§ EXERCISE: Retype the records below exactly as given, but only from the first line through the line with "Hello there, you're", and without the pictures.

§ EXERCISE MATERIALS:
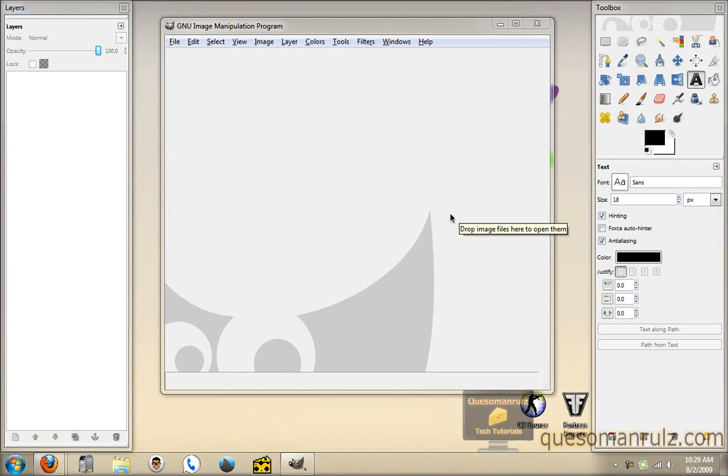Hey everyone, Caso Man Rules here. In this video tutorial, I'm going to show you guys how to create some cool text with GIMP.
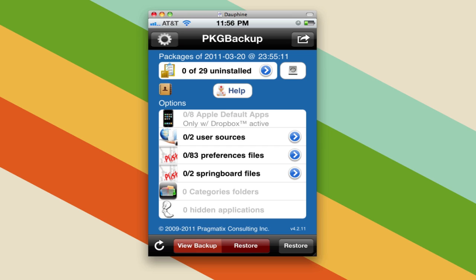That's a much better solution if you're willing to pay for it than App Backup, which basically just keeps a list. So there's your option to automate the backup and restore process for jailbroken iOS devices. Have fun!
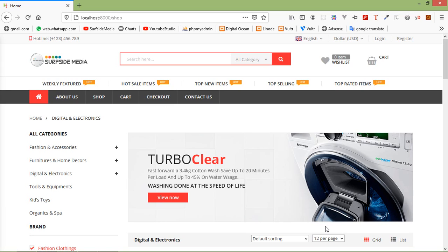Hi everyone. Welcome back to the Laravel 8 eCommerce tutorial. In this video, we are going to learn about products by categories. So let's see how we can show products by their categories.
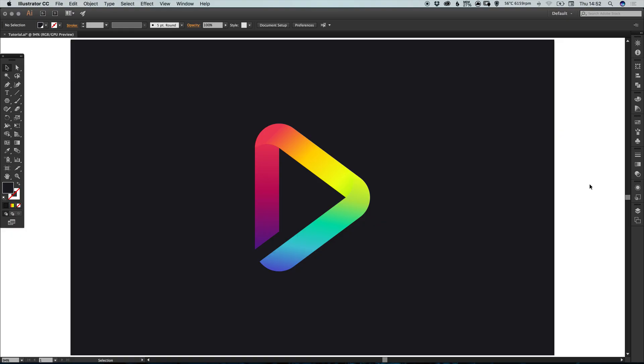Hello there, you're watching Dansky — the place to be to develop your creative skills and grow as a designer. In this tutorial we're going to learn how to draw a colorful play logo in Adobe Illustrator. The logo you see on screen is the previous Dansky logo, and that's what we're going to create.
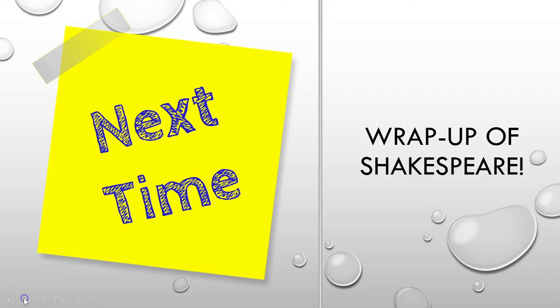And that's all for today. Next time we will be doing a wrap-up of Shakespeare. Thank you so much and I look forward to seeing you next time. Stay well. Bye-bye.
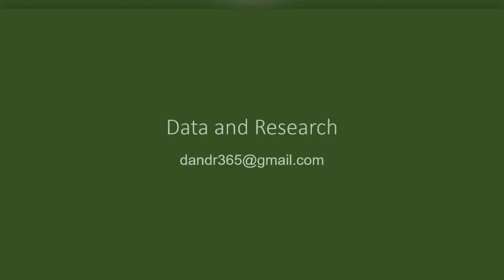If you have any questions, suggestions, or recommendations, please write to dnr365@gmail.com.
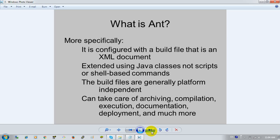We have to take care of the documentation, execution, documentation and deployment. This is the build process. We have to take care of the tasks, targets, and extension points. This is the build.xml. A task is the unit of work. We have to take care of the task and the target — the target is the main director.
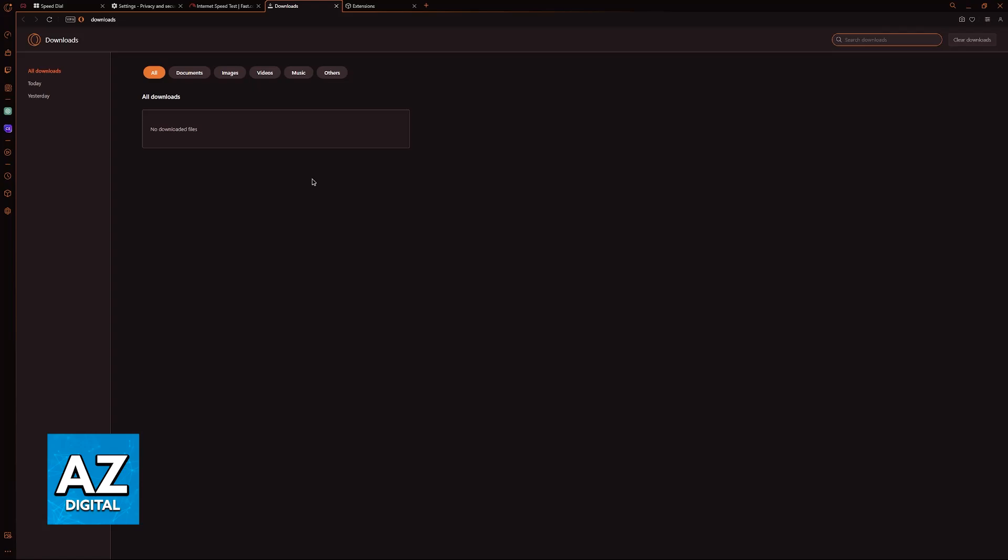You should also check outside of Opera GX itself. For example, if you have Steam running in the background, it might be automatically downloading an update for a game. Pause it if necessary. As long as you don't have anything else in the background, you will get the best possible internet speed for downloads.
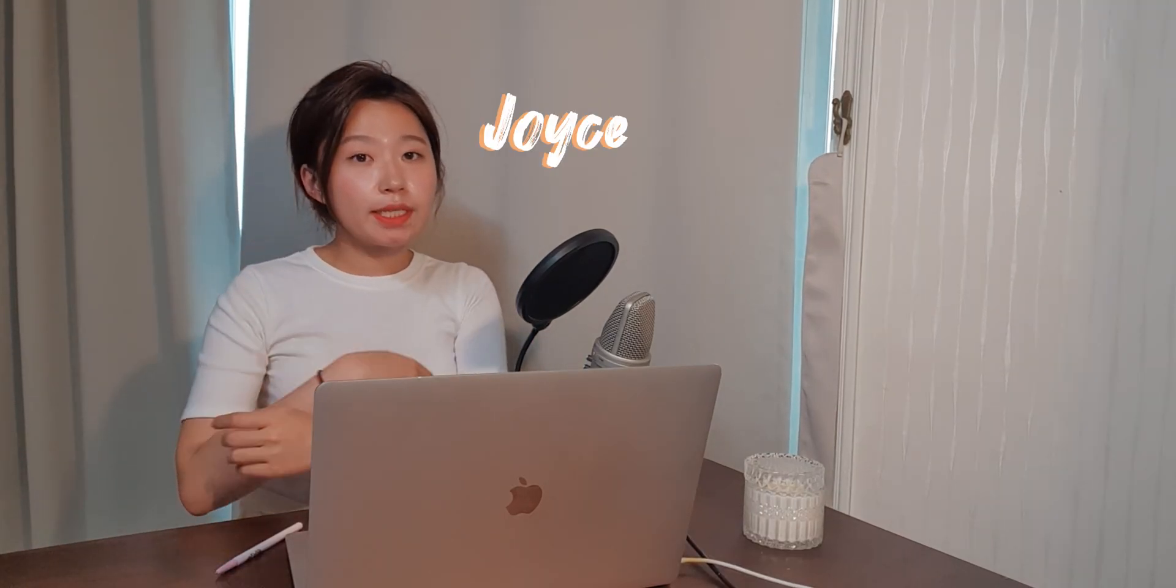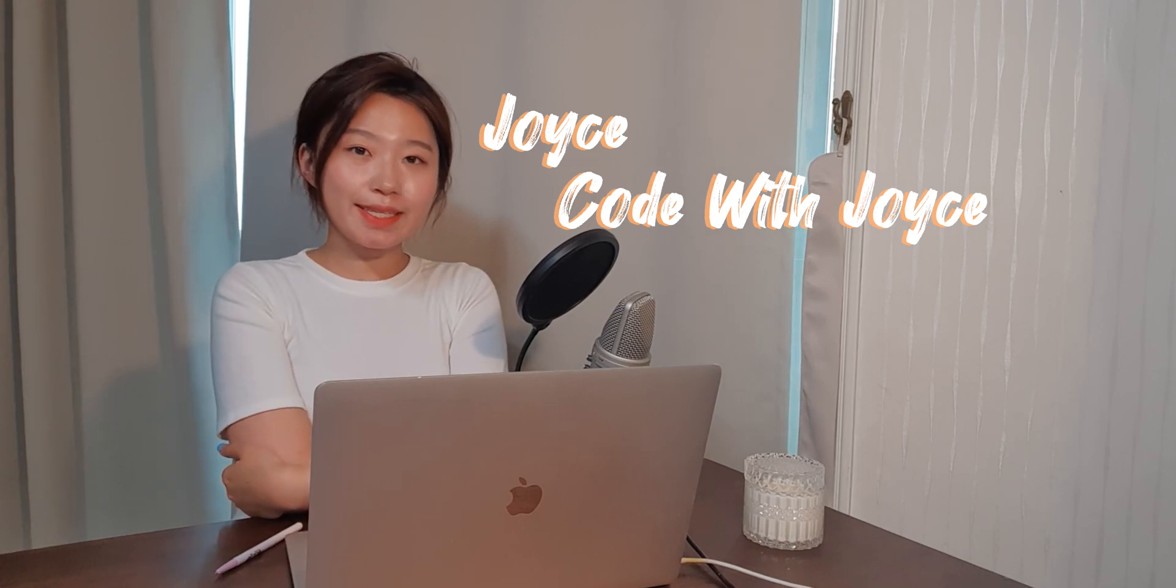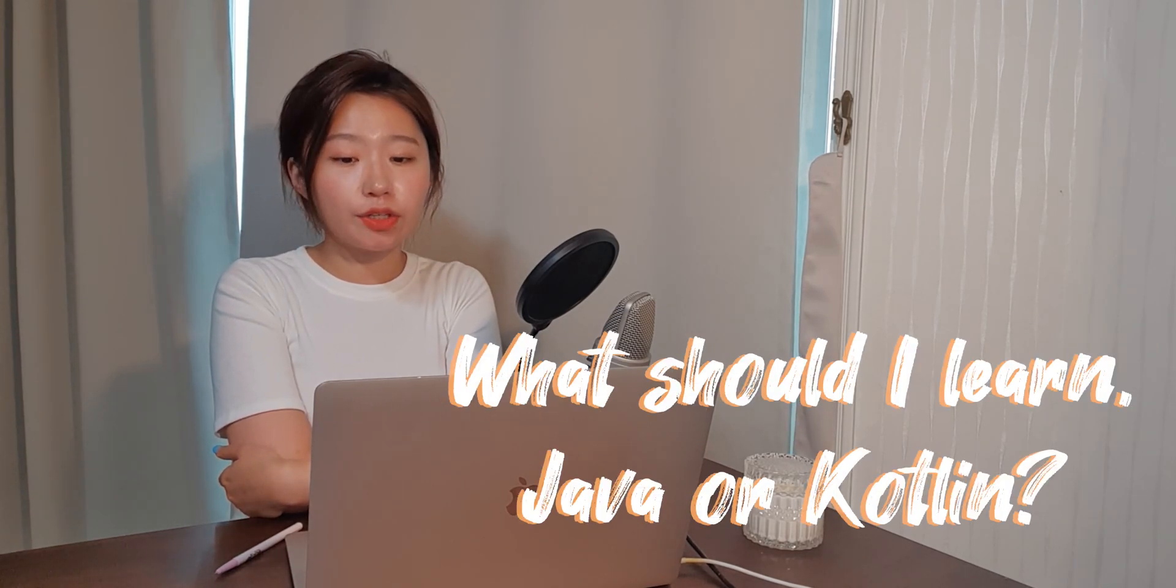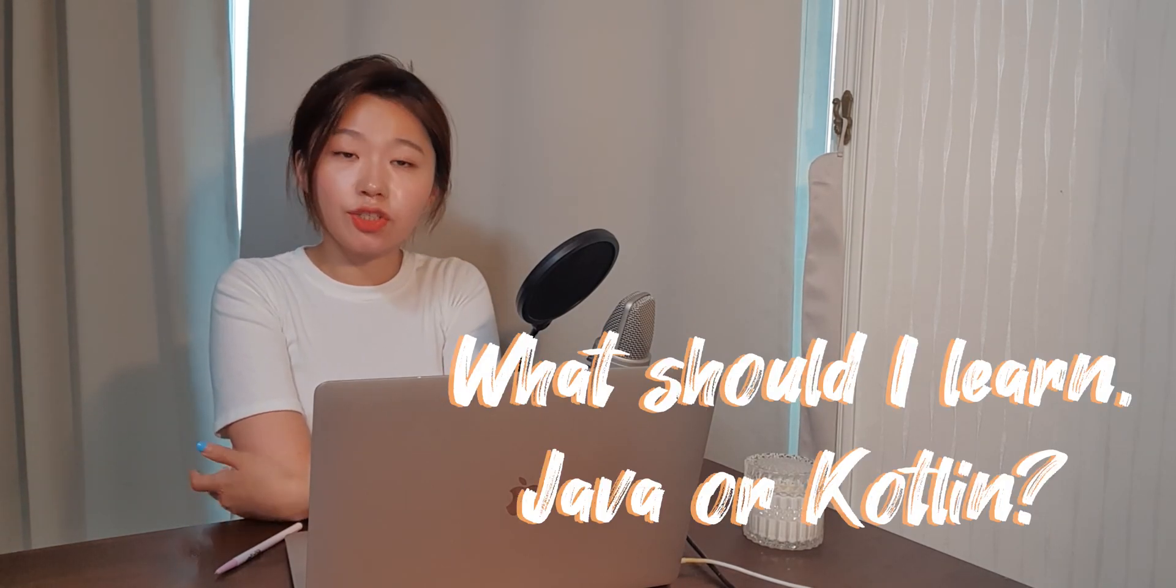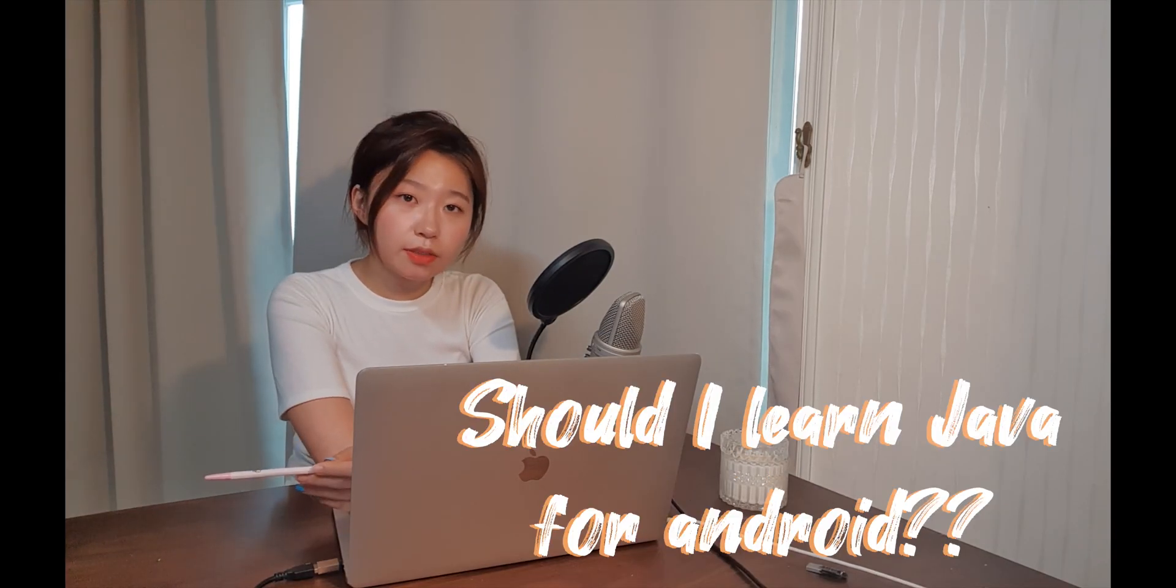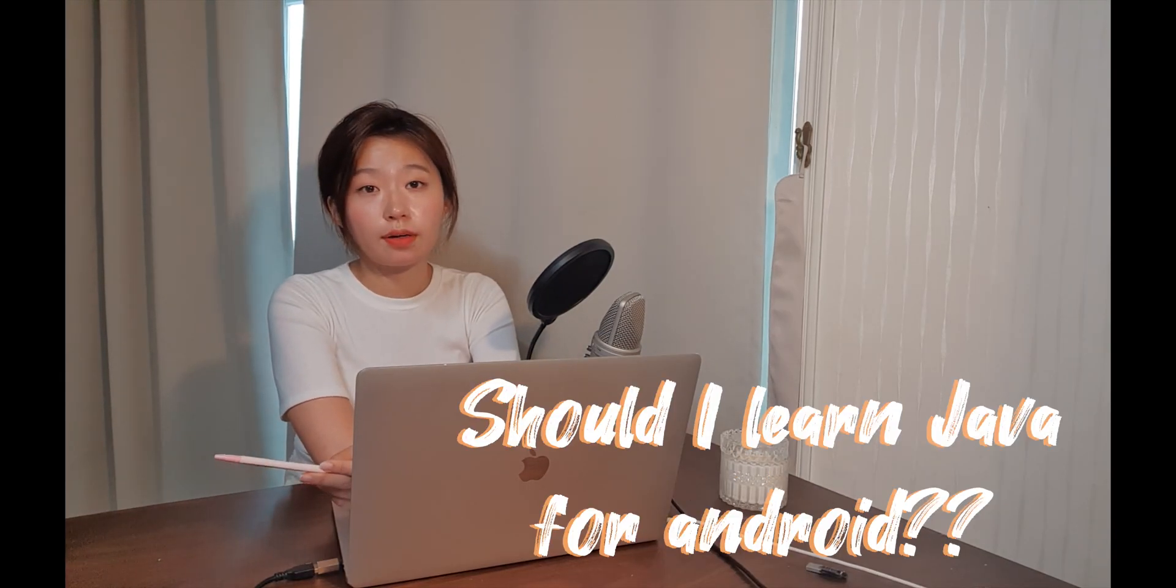Hi, this is Joyce from Code with Joyce and today we're going to talk about what should I learn first - Java or Kotlin? Or more like, should I learn Java? Because of the last tutorial, a three hour long Kotlin tutorial,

§ RESPONSE AREA:
Hey everyone, Caso Man Rules here. In this video tutorial, I'm going to show you guys how to create some cool text with GIMP.
That's a much better solution if you're willing to pay for it than App Backup, which basically just keeps a list. So there's your option to automate the backup and restore process for jailbroken iOS devices. Have fun!
Hi everyone. Welcome back to the Laravel 8 eCommerce tutorial. In this video, we are going to learn about products by categories. So let's see how we can show products by their categories.
Hello there, you're watching Dansky — the place to be to develop your creative skills and grow as a designer. In this tutorial we're going to learn how to draw a colorful play logo in Adobe Illustrator. The logo you see on screen is the previous Dansky logo, and that's what we're going to create.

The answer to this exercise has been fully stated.